ENTRIES SUPPLIED START

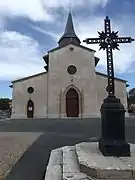 Photographie du pignon d’une église, avec une croix monumentale en premier plan.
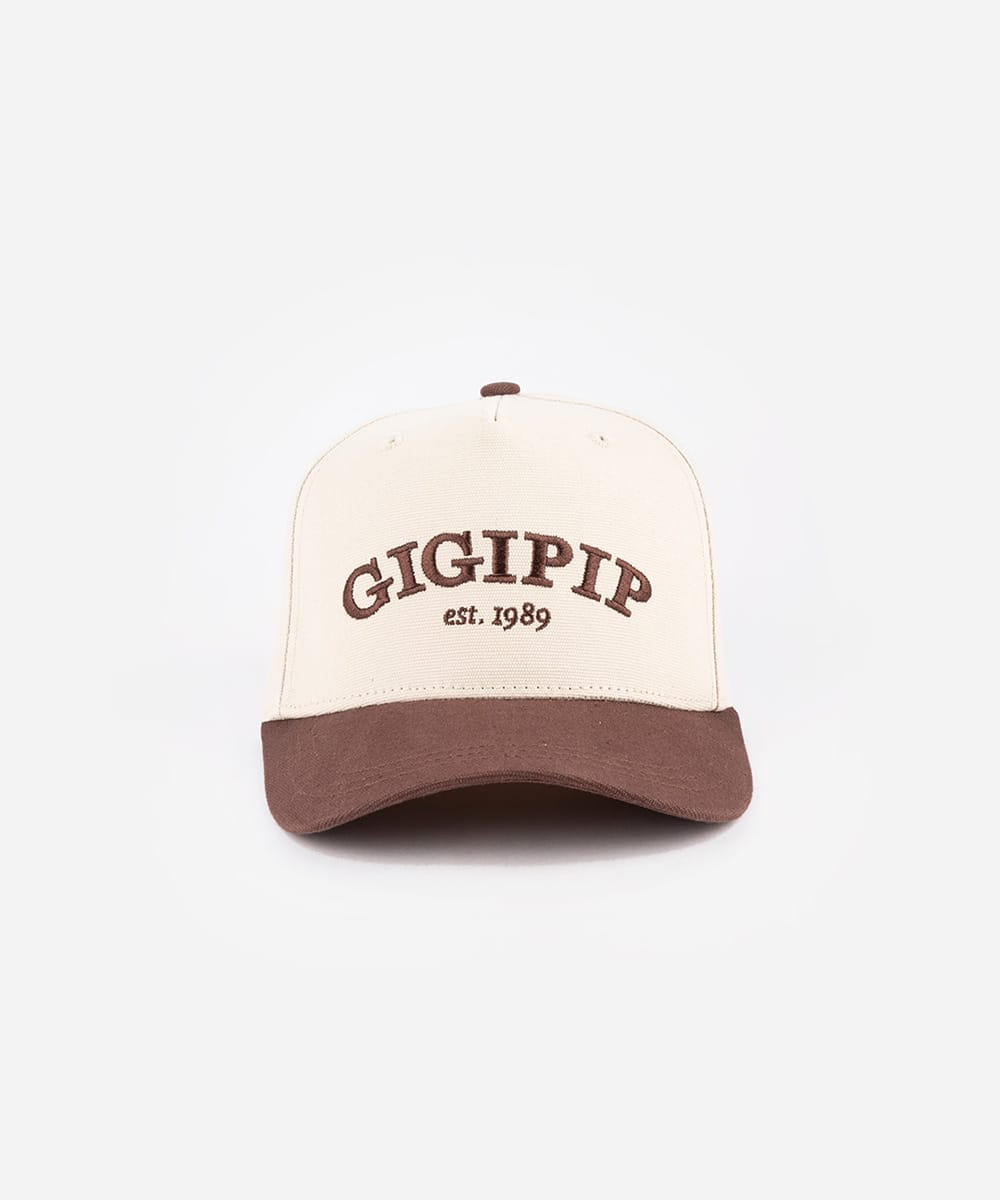 Cap with 'GIGIPIP est. 1989' text on a white background #color_cream-chocolate brown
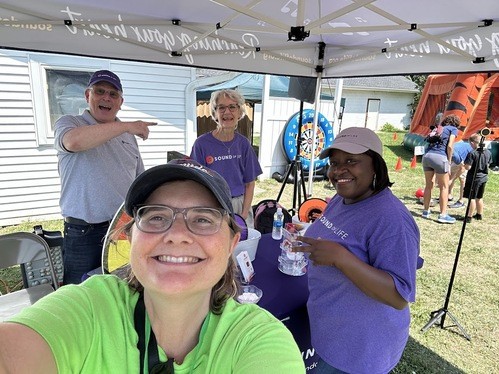 photo of backpacks filled with school supplies we give away each summer at the Hope Rocks festival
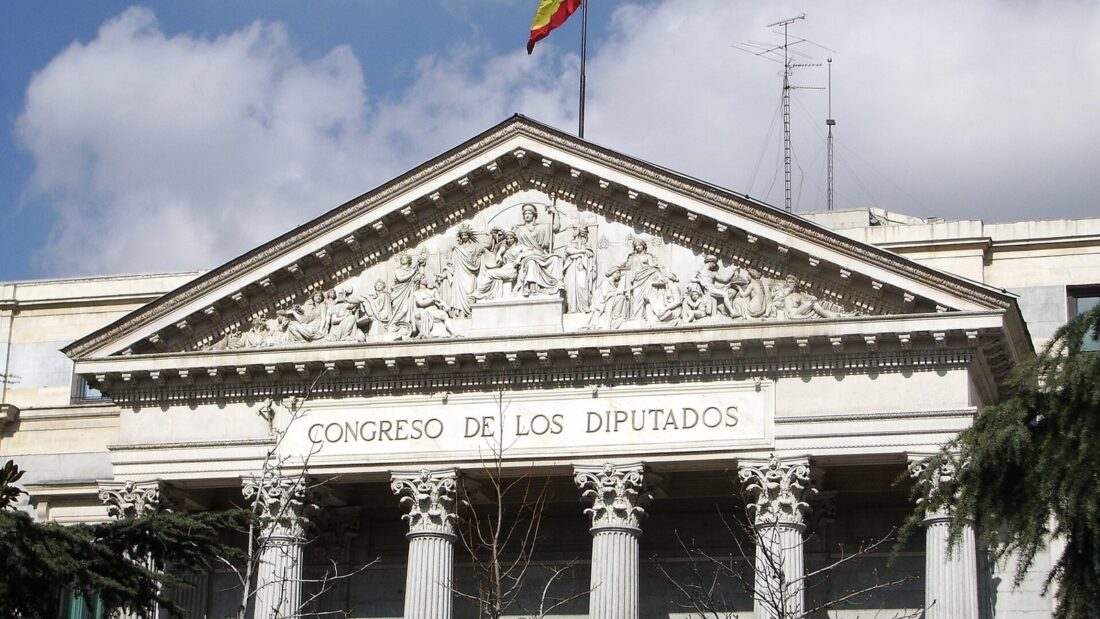 Fachada do Congresso dos Deputados, em Madri, com colunas, frontão esculpido e a bandeira da Espanha no alto do prédio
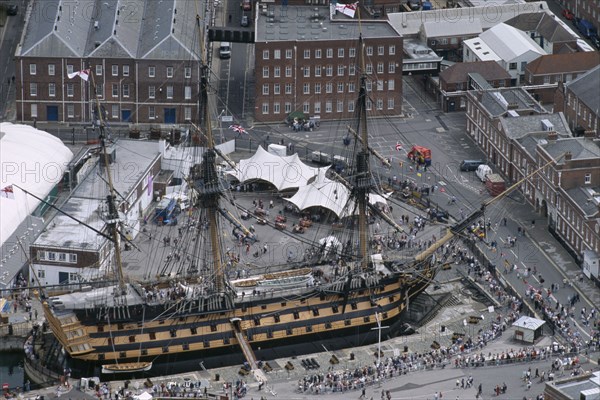 ENGLAND, Hampshire, Portsmouth, HMS Victory. Arial view of Royal Naval Dockyard. People crowding round.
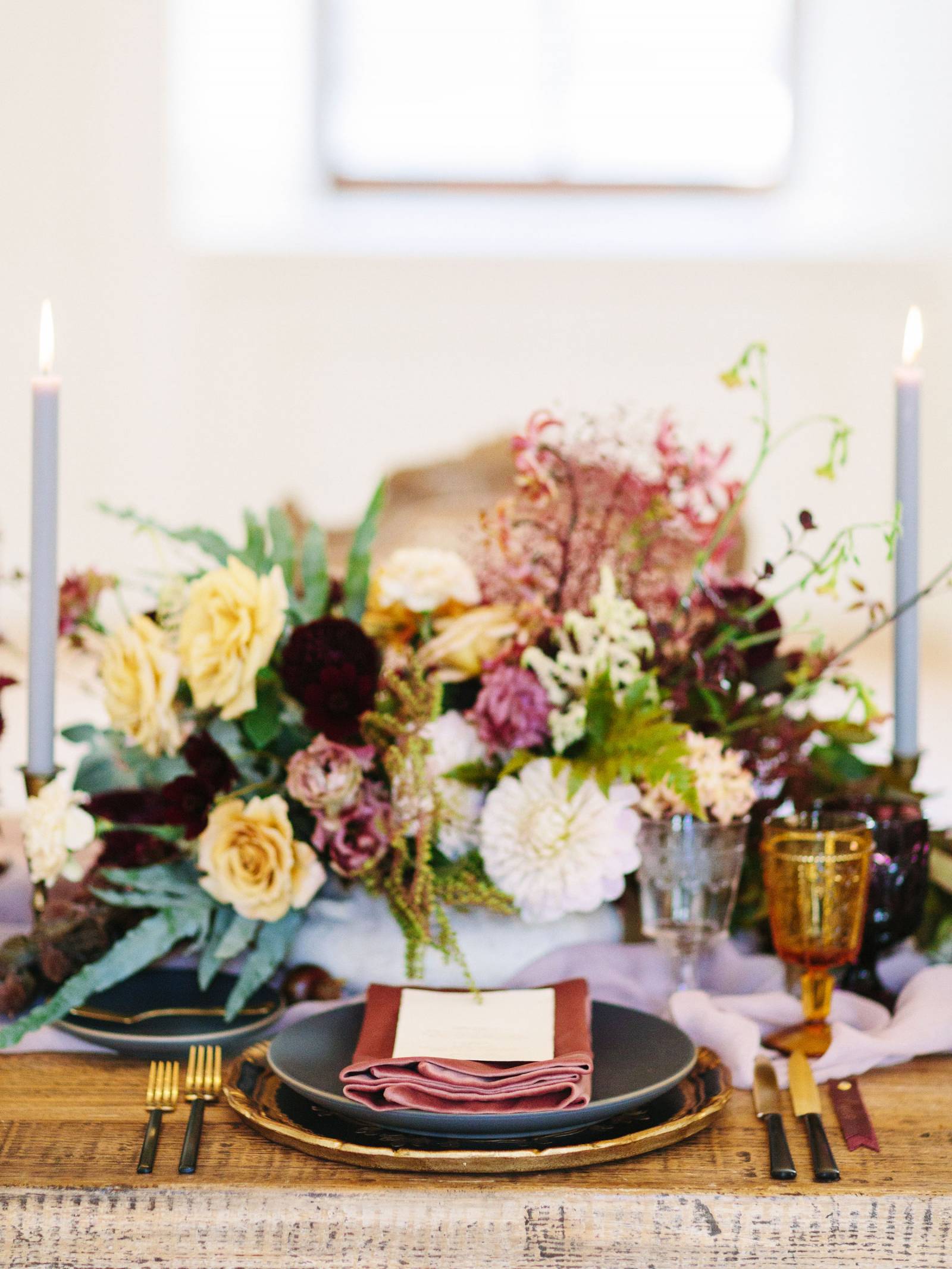 Multi-colored centerpiece of yellow, mauve and white.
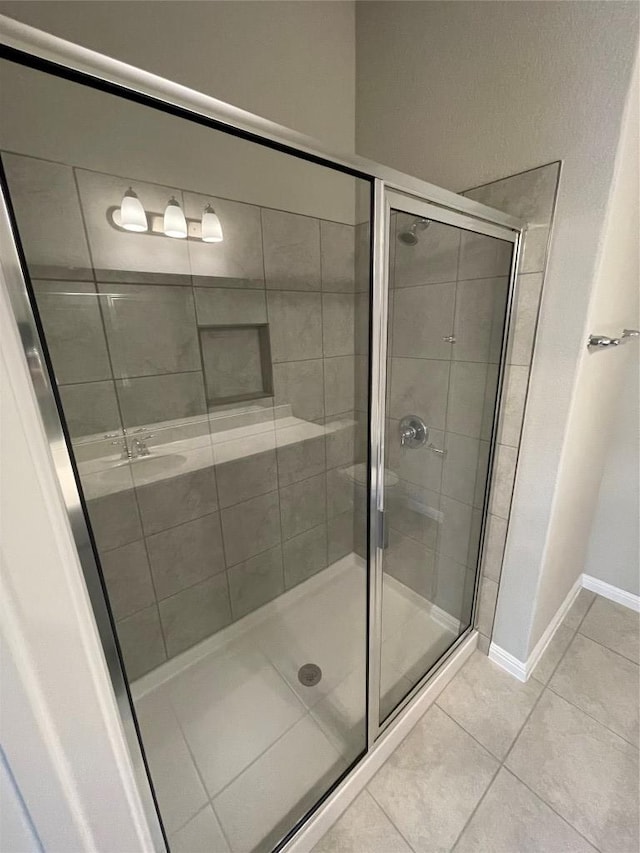 full bathroom featuring tile patterned floors, a stall shower, and baseboards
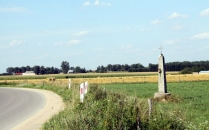 Krzyż przydrożny na zakręcie drogi za wioską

ENTRIES SUPPLIED END

[TASK STATEMENT]
Set down word for word every line from the one containing "Cap with 'GIGIPIP" through the last line of the records above, both ends included. Leave out the pictures.

[TASK RESPONSE]
 Cap with 'GIGIPIP est. 1989' text on a white background #color_cream-chocolate brown
 photo of backpacks filled with school supplies we give away each summer at the Hope Rocks festival
 Fachada do Congresso dos Deputados, em Madri, com colunas, frontão esculpido e a bandeira da Espanha no alto do prédio
 ENGLAND, Hampshire, Portsmouth, HMS Victory. Arial view of Royal Naval Dockyard. People crowding round.
 Multi-colored centerpiece of yellow, mauve and white.
 full bathroom featuring tile patterned floors, a stall shower, and baseboards
 Krzyż przydrożny na zakręcie drogi za wioską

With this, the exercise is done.